## Exercise details
From the entries below, transcribe exactly the lines between the line holding "Safavieh Cy2666 Power" and the line holding "Cute Dino T-Rex", inclusive; skip all other lines.

## Dataset records

....

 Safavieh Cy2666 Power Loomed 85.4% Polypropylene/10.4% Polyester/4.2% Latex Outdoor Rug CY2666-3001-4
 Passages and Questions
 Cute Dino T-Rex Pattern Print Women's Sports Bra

....

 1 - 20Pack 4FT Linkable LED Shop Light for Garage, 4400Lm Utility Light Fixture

....

## Final answer
 Safavieh Cy2666 Power Loomed 85.4% Polypropylene/10.4% Polyester/4.2% Latex Outdoor Rug CY2666-3001-4
 Passages and Questions
 Cute Dino T-Rex Pattern Print Women's Sports Bra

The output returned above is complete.